**Directions:** Omit the pictures, then reproduce exactly the line bearing "Poesia em movimento" and every line after it up to and including the last line of the entries below.

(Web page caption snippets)
◇ ◇ ◇

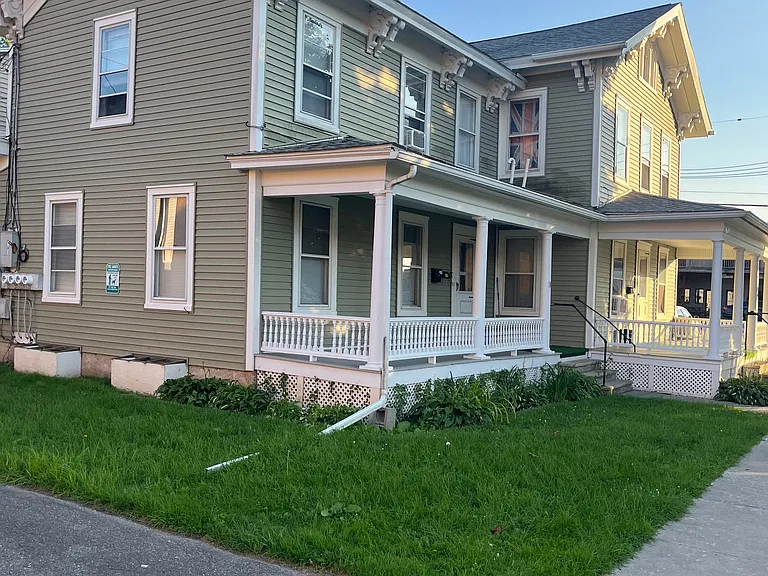 10 Liberty St #3 — Photo 1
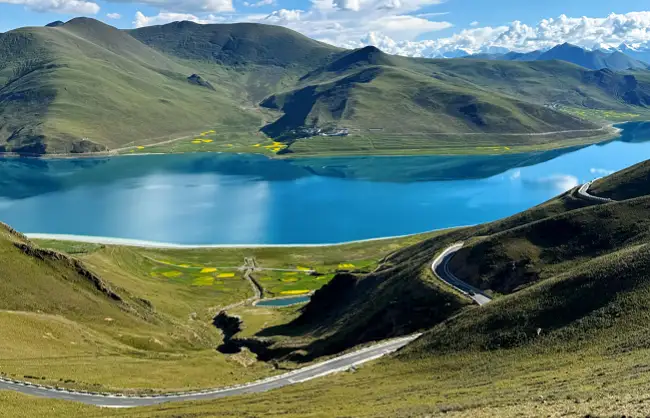 yamdrok lake sunny day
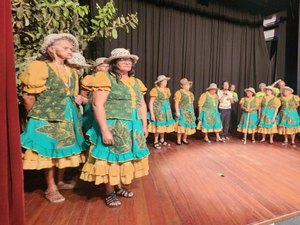 Poesia em movimento celebra talentos da EJA em espetáculo em Arapiraca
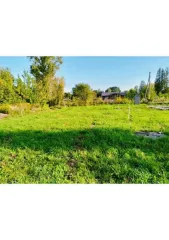 Земельный участок площадью 280 кв.м. Калужская область, Перемышльский район, село Ахлебинино. Кадастровый номер 40:17:010101:33. Межевание осуществляется покупателем самостоятельно и за свой счет.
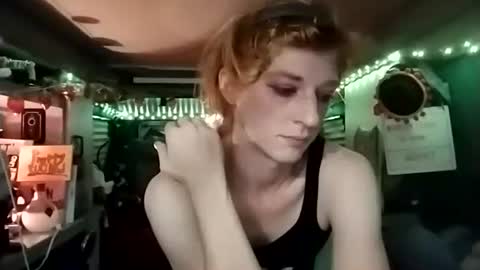 LesleyGumGrass- The Boring Trans girl online show from November 16, 12:27 am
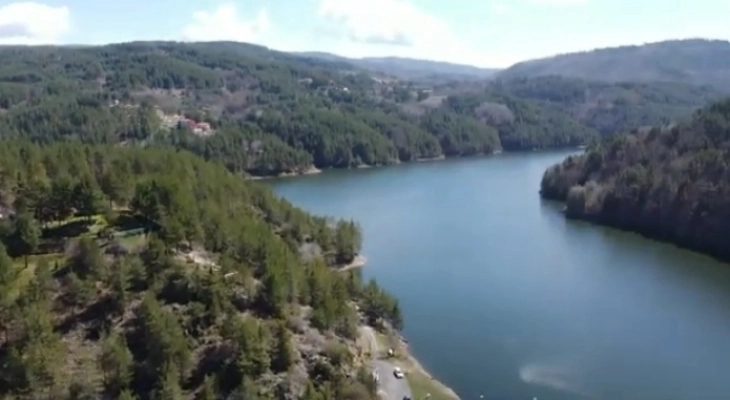 Temperatura më e ulët mëngjesin e sotëm në Lazaropolë dhe Berovë, janë matur 10 grad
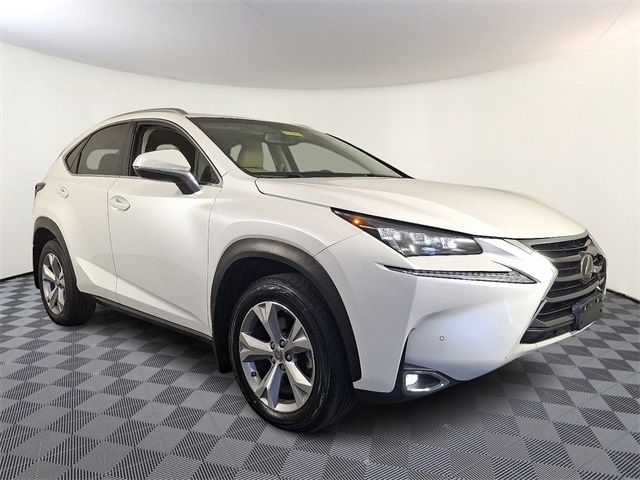 2017 Lexus NX 200t's photo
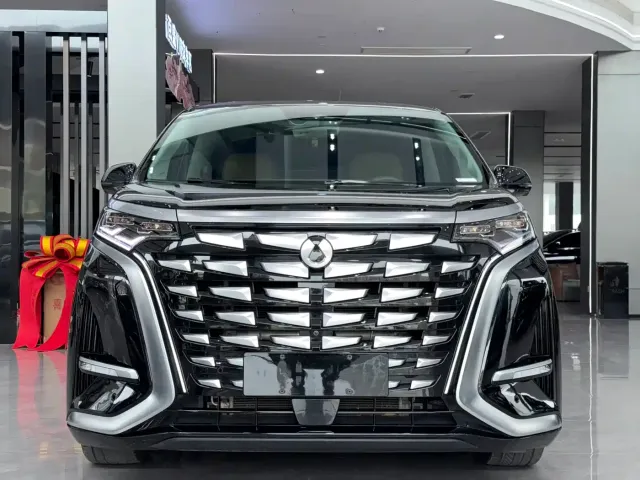 Denza Denza D9 2022 DM-i 970 AWD Flagship — Фото автомобиля 2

◇ ◇ ◇

**Response:**
 Poesia em movimento celebra talentos da EJA em espetáculo em Arapiraca
 Земельный участок площадью 280 кв.м. Калужская область, Перемышльский район, село Ахлебинино. Кадастровый номер 40:17:010101:33. Межевание осуществляется покупателем самостоятельно и за свой счет.
 LesleyGumGrass- The Boring Trans girl online show from November 16, 12:27 am
 Temperatura më e ulët mëngjesin e sotëm në Lazaropolë dhe Berovë, janë matur 10 grad
 2017 Lexus NX 200t's photo
 Denza Denza D9 2022 DM-i 970 AWD Flagship — Фото автомобиля 2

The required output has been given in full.